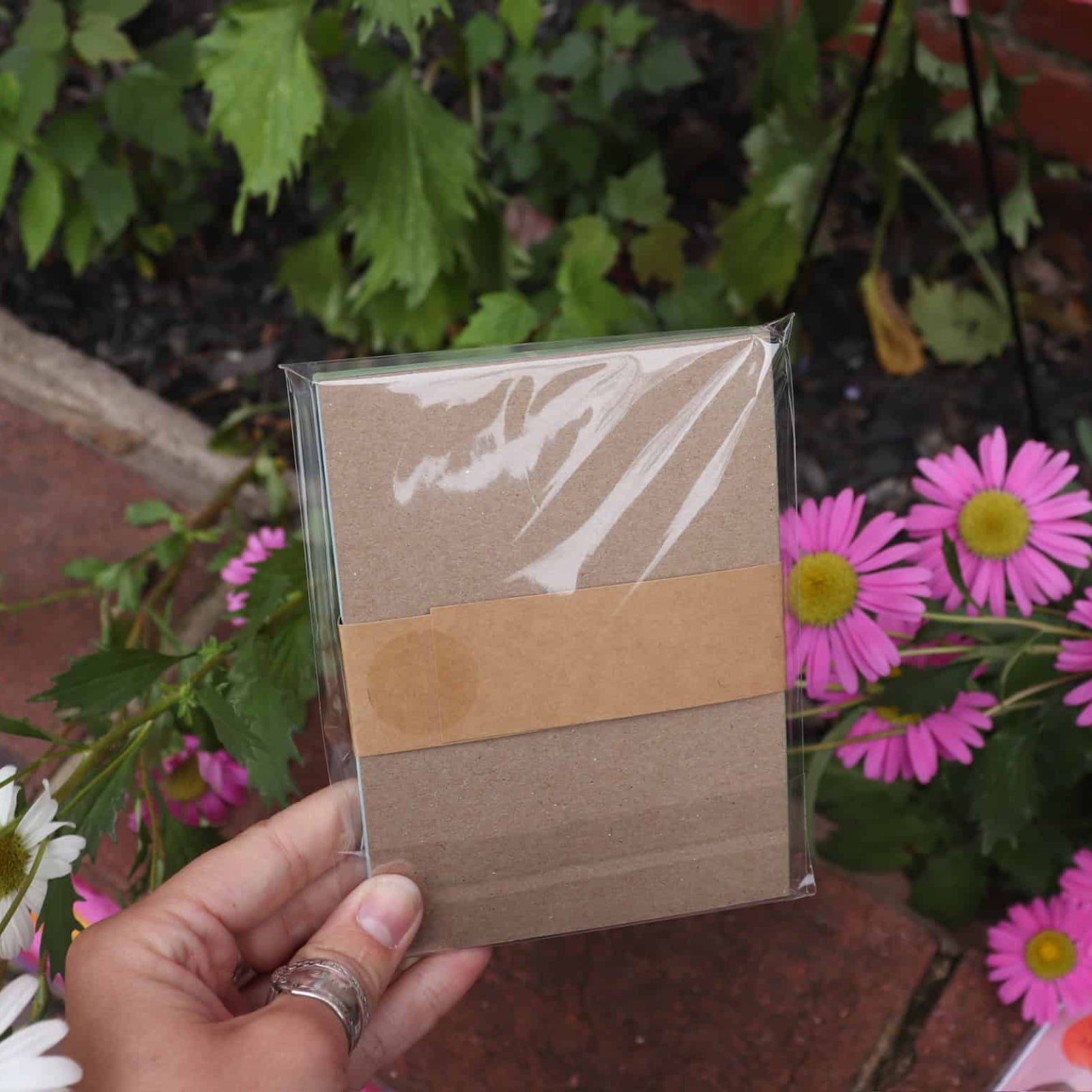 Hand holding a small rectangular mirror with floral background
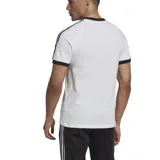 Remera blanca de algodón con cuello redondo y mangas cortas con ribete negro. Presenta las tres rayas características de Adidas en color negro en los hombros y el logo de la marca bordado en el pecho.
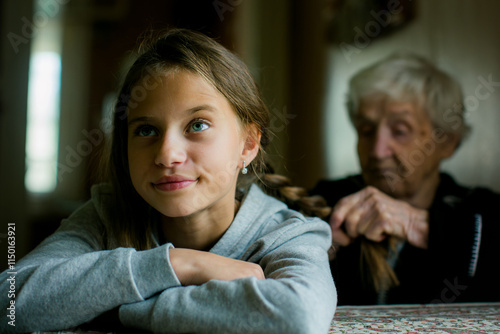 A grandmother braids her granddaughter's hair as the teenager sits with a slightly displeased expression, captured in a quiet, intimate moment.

_ _ _ _ _ _ _

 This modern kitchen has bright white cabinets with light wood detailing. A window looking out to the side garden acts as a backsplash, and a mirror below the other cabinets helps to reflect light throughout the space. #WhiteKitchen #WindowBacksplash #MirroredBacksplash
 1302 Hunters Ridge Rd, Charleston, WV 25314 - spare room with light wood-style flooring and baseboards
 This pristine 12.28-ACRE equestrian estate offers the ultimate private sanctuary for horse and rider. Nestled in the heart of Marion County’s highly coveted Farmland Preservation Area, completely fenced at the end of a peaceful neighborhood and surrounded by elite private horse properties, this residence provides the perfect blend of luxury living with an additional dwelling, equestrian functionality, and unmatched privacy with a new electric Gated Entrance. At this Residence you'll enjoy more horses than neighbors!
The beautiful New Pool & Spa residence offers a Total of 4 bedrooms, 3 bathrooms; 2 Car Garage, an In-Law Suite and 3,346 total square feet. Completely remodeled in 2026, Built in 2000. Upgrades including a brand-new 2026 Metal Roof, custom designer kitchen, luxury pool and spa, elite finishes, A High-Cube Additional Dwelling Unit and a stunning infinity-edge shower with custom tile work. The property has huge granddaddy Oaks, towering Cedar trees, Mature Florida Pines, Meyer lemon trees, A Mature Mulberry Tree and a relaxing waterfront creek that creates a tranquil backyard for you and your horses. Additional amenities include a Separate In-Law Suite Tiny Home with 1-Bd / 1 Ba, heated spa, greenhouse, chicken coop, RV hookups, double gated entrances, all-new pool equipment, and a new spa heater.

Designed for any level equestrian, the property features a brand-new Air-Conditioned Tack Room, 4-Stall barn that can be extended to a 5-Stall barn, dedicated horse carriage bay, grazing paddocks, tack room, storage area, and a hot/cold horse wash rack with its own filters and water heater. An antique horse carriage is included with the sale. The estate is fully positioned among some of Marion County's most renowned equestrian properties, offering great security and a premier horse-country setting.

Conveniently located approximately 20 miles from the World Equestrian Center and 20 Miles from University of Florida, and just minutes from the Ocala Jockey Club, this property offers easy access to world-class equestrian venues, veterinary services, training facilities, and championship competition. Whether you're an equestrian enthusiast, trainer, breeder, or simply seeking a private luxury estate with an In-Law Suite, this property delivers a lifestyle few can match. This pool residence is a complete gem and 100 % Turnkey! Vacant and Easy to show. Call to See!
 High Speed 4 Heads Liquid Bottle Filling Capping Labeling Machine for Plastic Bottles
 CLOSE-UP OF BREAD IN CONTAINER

_ _ _ _ _ _ _

TASK TO COMPLETE | Write out exactly the run of lines above that starts at the line containing "Hand holding a" and ends at the line containing "A grandmother braids". Include both, and leave the pictures out.

RESPONSE |
 Hand holding a small rectangular mirror with floral background
 Remera blanca de algodón con cuello redondo y mangas cortas con ribete negro. Presenta las tres rayas características de Adidas en color negro en los hombros y el logo de la marca bordado en el pecho.
 A grandmother braids her granddaughter's hair as the teenager sits with a slightly displeased expression, captured in a quiet, intimate moment.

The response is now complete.